## What you should do
Without including the pictures, copy each line below exactly as it reads.

## Dataset excerpt
========================================================================

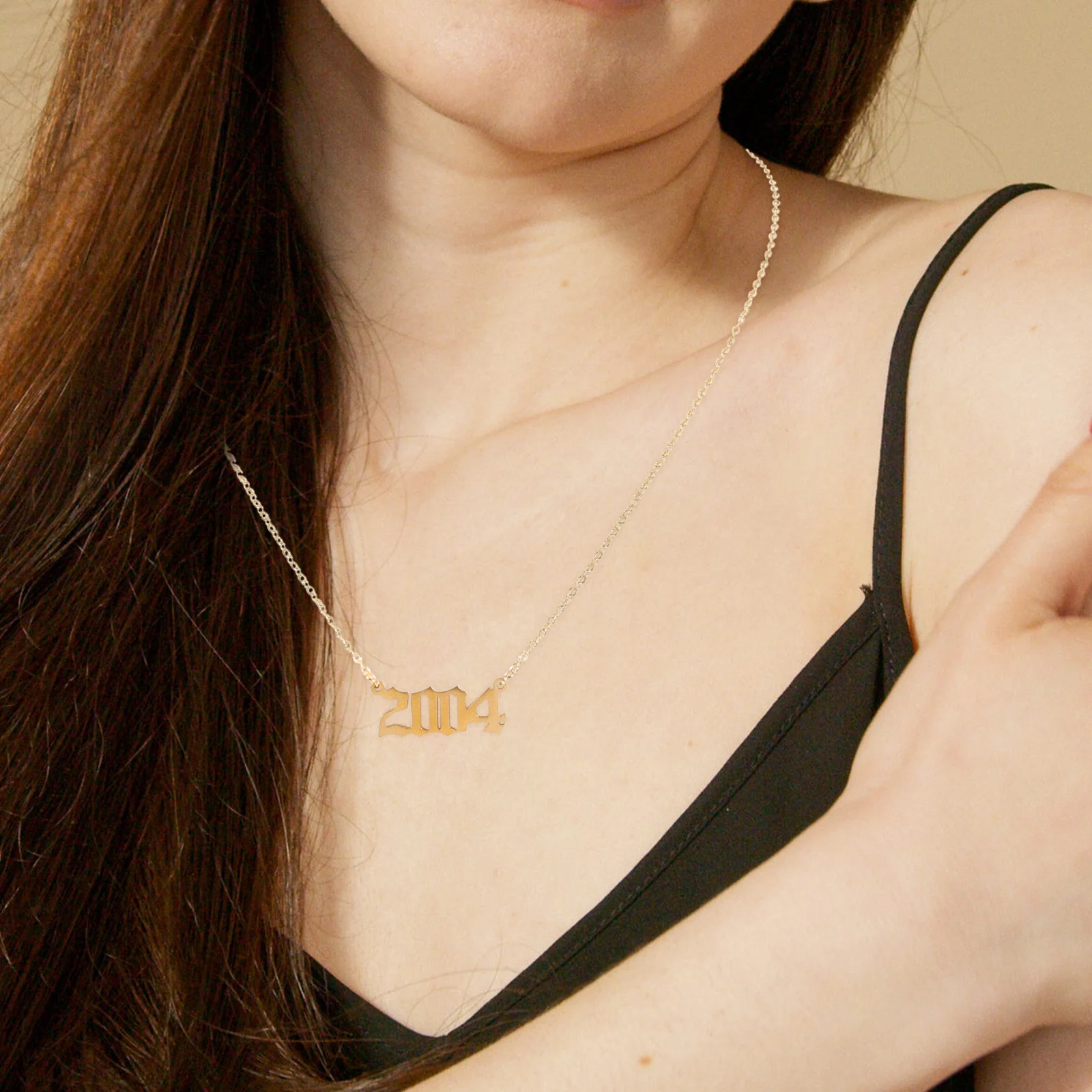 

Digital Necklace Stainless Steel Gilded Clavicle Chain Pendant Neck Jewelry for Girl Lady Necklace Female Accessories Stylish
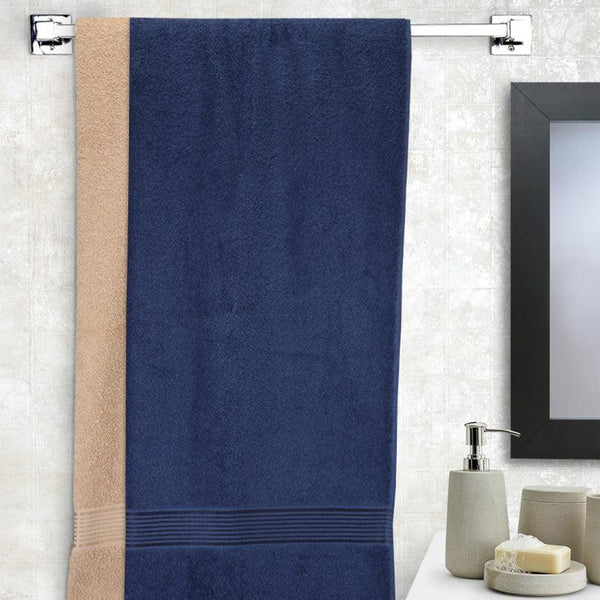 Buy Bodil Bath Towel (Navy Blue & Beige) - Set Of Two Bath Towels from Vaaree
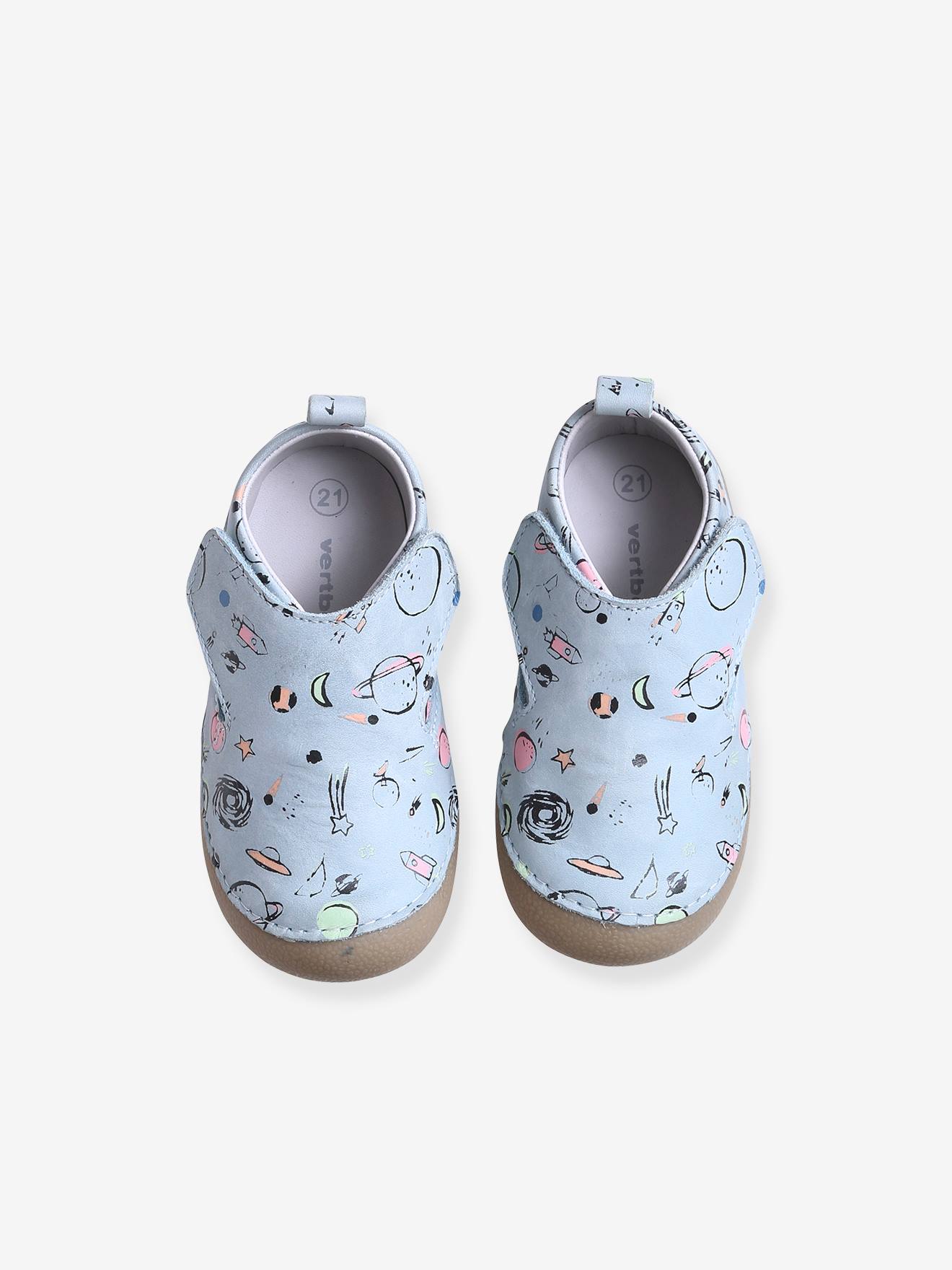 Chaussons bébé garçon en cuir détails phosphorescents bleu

========================================================================

## Result of the task
Digital Necklace Stainless Steel Gilded Clavicle Chain Pendant Neck Jewelry for Girl Lady Necklace Female Accessories Stylish
 Buy Bodil Bath Towel (Navy Blue & Beige) - Set Of Two Bath Towels from Vaaree
 Chaussons bébé garçon en cuir détails phosphorescents bleu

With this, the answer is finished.